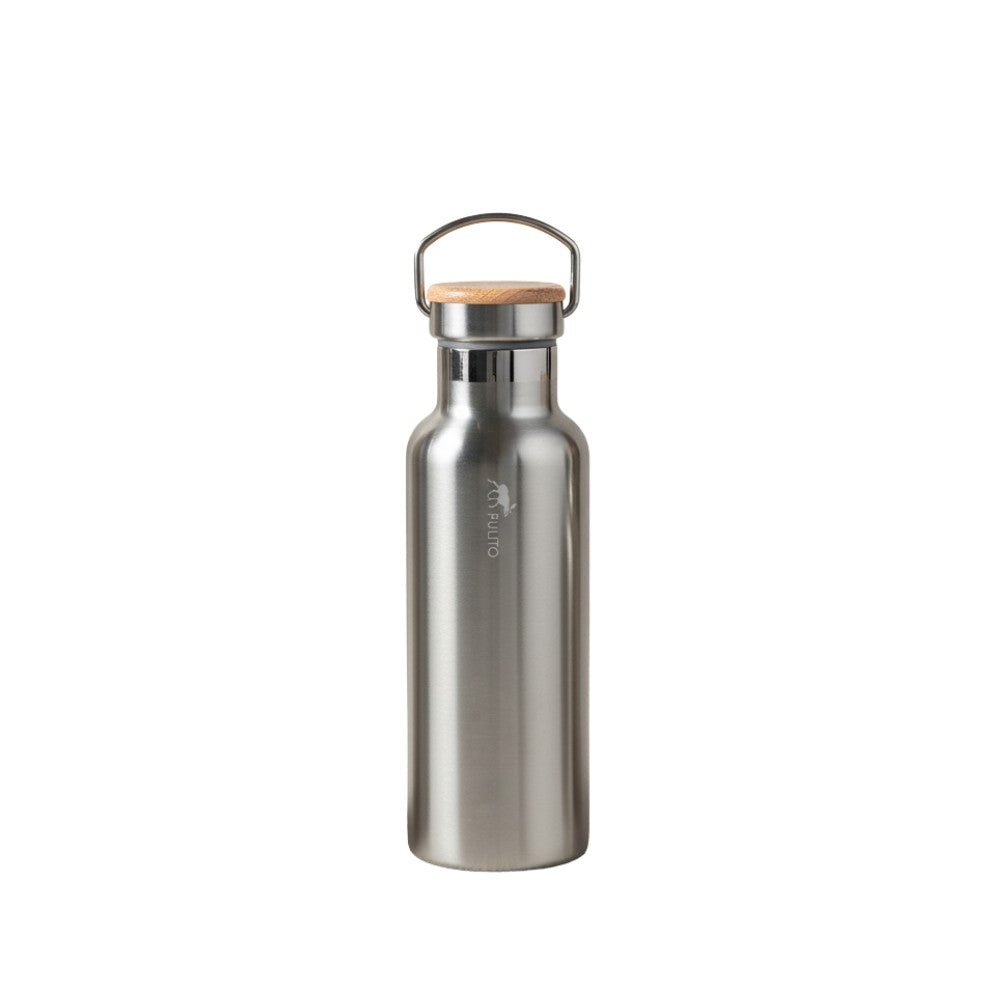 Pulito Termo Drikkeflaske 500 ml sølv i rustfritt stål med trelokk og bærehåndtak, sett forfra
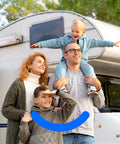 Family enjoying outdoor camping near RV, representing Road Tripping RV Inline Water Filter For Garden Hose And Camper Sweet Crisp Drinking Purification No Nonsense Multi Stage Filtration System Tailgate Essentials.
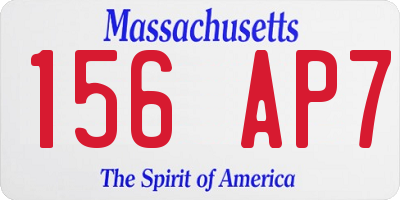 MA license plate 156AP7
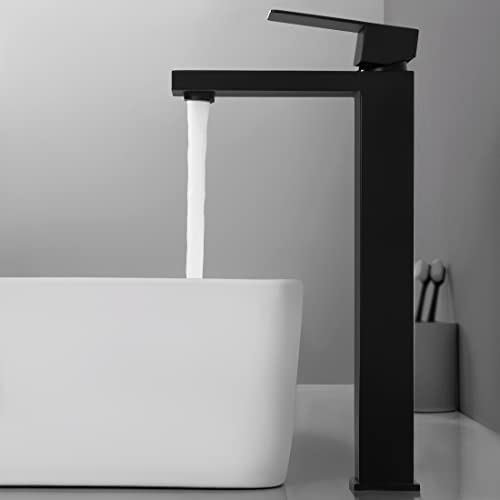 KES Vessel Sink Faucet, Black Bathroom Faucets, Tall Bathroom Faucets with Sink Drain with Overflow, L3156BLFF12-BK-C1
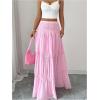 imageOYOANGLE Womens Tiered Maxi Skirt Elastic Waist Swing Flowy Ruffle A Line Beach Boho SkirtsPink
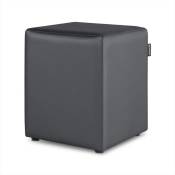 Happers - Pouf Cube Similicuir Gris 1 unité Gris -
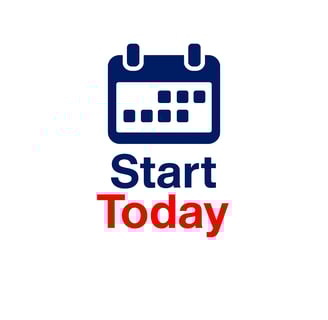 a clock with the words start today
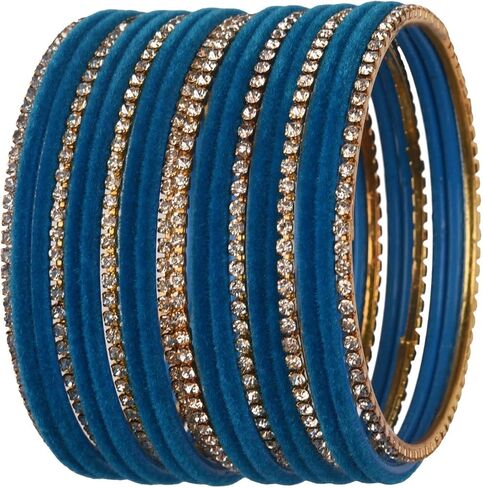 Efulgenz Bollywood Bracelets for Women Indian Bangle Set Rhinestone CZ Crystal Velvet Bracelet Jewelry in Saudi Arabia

────

**AIM OF THE EXERCISE**: Each line above should be written out again exactly, without any image.

**SOLUTION BELOW**:
 Pulito Termo Drikkeflaske 500 ml sølv i rustfritt stål med trelokk og bærehåndtak, sett forfra
 Family enjoying outdoor camping near RV, representing Road Tripping RV Inline Water Filter For Garden Hose And Camper Sweet Crisp Drinking Purification No Nonsense Multi Stage Filtration System Tailgate Essentials.
 MA license plate 156AP7
 KES Vessel Sink Faucet, Black Bathroom Faucets, Tall Bathroom Faucets with Sink Drain with Overflow, L3156BLFF12-BK-C1
 imageOYOANGLE Womens Tiered Maxi Skirt Elastic Waist Swing Flowy Ruffle A Line Beach Boho SkirtsPink
 Happers - Pouf Cube Similicuir Gris 1 unité Gris -
 a clock with the words start today
 Efulgenz Bollywood Bracelets for Women Indian Bangle Set Rhinestone CZ Crystal Velvet Bracelet Jewelry in Saudi Arabia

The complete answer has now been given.